Turkey believes journalist murdered at Saudi consulate
Concern continues to mount after dissident commentator Jamal Khashoggi vanishes
Saudi dissident Jamal Khashoggi had a complicated relationship with Saudi authorities. Photograph: Reuters
Turkey believes a missing Saudi journalist was murdered at the kingdom’s consulate in Istanbul, according to two people familiar with the investigation into his disappearance.
Jamal Khashoggi, a high-profile commentator, vanished after visiting his country’s diplomatic mission on Tuesday, prompting international concern for his safety.
The initial findings of an investigation conducted by Turkish authorities concluded that a team of people that included Saudi officials flew into Turkey the same day as his appointment, a senior Turkish government official said late on Saturday.

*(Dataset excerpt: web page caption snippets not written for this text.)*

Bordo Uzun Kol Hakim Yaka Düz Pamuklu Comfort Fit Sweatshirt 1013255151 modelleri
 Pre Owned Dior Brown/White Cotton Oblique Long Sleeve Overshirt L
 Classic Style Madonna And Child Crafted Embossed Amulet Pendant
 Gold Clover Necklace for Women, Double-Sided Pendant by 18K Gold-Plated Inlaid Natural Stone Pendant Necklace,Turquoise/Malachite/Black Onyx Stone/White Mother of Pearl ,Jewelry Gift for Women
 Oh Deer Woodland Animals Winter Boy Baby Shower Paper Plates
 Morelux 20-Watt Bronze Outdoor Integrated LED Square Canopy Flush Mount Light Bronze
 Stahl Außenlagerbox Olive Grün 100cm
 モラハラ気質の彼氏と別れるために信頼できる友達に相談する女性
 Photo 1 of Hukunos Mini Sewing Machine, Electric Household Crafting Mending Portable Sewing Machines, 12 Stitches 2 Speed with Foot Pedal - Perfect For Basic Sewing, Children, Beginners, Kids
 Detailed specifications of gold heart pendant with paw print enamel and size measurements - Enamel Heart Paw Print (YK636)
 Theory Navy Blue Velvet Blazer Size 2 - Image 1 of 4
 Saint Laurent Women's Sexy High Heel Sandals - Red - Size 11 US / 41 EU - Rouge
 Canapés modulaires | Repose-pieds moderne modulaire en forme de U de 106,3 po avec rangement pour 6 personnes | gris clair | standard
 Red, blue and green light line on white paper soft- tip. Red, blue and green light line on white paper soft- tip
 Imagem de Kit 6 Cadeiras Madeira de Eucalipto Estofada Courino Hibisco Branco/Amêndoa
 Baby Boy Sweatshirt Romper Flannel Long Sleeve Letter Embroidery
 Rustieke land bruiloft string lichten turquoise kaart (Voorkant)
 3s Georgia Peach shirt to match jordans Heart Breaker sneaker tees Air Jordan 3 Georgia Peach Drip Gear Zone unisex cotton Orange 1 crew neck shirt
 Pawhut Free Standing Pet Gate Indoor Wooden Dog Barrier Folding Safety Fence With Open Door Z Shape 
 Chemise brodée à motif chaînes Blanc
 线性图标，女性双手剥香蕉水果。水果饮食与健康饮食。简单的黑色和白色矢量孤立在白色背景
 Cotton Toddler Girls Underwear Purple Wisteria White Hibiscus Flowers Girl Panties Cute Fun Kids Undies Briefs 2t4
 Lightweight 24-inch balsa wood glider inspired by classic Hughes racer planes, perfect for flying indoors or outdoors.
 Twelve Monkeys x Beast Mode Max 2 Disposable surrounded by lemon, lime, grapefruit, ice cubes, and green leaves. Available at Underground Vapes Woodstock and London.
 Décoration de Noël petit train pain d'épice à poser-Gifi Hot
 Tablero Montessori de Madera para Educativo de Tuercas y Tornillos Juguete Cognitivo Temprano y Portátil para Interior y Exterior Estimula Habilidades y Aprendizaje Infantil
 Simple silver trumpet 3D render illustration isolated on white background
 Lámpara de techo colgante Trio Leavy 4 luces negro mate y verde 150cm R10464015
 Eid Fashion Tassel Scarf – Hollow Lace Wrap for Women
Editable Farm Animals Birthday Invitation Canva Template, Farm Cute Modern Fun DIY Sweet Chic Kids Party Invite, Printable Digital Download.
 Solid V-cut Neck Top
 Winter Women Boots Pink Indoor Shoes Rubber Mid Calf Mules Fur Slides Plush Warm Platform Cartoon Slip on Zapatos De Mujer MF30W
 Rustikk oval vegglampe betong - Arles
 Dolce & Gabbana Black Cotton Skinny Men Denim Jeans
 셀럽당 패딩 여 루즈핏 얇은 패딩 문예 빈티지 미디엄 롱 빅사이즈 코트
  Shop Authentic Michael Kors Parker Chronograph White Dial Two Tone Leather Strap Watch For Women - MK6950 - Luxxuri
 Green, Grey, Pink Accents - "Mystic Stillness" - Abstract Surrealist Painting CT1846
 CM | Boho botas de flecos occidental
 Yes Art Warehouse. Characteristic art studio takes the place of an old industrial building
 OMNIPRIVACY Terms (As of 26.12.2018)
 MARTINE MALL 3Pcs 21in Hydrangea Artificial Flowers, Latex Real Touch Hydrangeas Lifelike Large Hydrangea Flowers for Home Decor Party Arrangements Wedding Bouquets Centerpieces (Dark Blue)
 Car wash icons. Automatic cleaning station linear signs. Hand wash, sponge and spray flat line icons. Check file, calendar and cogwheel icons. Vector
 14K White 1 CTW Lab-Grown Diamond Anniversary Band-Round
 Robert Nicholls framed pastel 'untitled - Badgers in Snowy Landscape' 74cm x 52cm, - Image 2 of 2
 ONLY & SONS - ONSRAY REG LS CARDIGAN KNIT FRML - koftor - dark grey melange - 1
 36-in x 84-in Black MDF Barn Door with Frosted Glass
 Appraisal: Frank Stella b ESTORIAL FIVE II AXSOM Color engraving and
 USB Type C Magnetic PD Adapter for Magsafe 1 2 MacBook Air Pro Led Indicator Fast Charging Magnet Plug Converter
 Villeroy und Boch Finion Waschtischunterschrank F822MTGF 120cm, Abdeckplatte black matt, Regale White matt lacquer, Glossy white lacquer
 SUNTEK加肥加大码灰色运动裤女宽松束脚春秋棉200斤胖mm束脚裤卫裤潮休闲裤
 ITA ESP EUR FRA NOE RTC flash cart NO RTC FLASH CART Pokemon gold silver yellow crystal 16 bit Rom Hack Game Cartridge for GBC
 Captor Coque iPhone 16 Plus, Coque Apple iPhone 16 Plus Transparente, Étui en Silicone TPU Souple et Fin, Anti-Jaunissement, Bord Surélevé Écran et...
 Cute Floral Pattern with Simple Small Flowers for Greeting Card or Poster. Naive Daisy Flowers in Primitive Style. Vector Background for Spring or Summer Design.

The official said that the team was involved in killing the journalist, who has 1.6 million Twitter followers and a regular column in the Washington Post, in what Turkey believes was a premeditated attack before leaving the country.
A close friend of Mr Khashoggi also said that he had been informed by Turkish government officials of their view that the writer had been killed at the consulate.
Further details to emerge
A Saudi official at the consulate in Istanbul dismissed the reports as baseless, according to the official Saudi news agency on Sunday. The official said a delegation of investigators had arrived in Istanbul on Saturday to assist investigations into Mr Khashoggi’s disappearance.
Omer Celik, a spokesman for Turkey’s ruling party, had said earlier on Saturday that Turkey would unveil further details about the situation of what he called “the lost journalist”. He said that Recep Tayyip Erdogan, the Turkish president, would speak at a meeting of party officials on Sunday.
Saudi Arabia has repeatedly insisted that Mr Khashoggi, who went into self-imposed exile in the US last year, left the consulate building after entering by appointment to collect documents for his forthcoming marriage.
Mohammed bin Salman, the crown prince of Saudi Arabia, said in an interview with Bloomberg this week that the kingdom had “nothing to hide” and invited Turkish authorities to search the consulate building.
The Saudi consul general in Istanbul, Mohammad al-Otaibi, invited the Reuters news agency for a tour of the six-storey premises on Saturday, opening cupboards and panels covering air conditioning units in a bid to disprove Turkish claims that he was still in the building.
Mr al-Otaibi said that, although the consulate was equipped with security cameras, they did not record footage and so could not provide images of Mr Khashoggi entering or leaving the building. But he said the suggestion that Mr Khashoggi had been abducted at the consulate was “disgusting” and based on “rumours that have no proof”.
Turkey’s presidential spokesman, Ibrahim Kalin, said on Wednesday that Turkey believed Mr Khashoggi was still in the consulate, adding: “We don’t have any information to the contrary”.
The killing of an internationally renowned journalist would represent a big escalation in Riyadh’s crackdown on dissent. Saudi authorities arrested dozens of activists, clerics and intellectuals in September 2017, accusing them of pushing an extremist agenda.
Mr Khashoggi, who had a complicated relationship with Saudi authorities, had grown increasingly critical of their actions. The journalist, who moved to the US last year after becoming concerned about his safety, had been nervous about visiting the consulate, according to his fiancee, Hatice Cengiz. But he had also told her that he did not believe that Saudi Arabia would dare to do anything to him on Turkish soil.
She told the Financial Times this week that she feared he had been kidnapped by Saudi officials.
Ms Cengiz wrote on Twitter on Saturday night: “Jamal is not dead! I don’t believe he’s been killed!” She later added that she was waiting for official confirmation from the government.
The accusation that he was murdered is likely to place heavy pressure on the already strained ties between Turkey and Saudi Arabia, two regional powers that were already at odds over Ankara’s backing for Qatar in the face of an economic embargo led by Riyadh.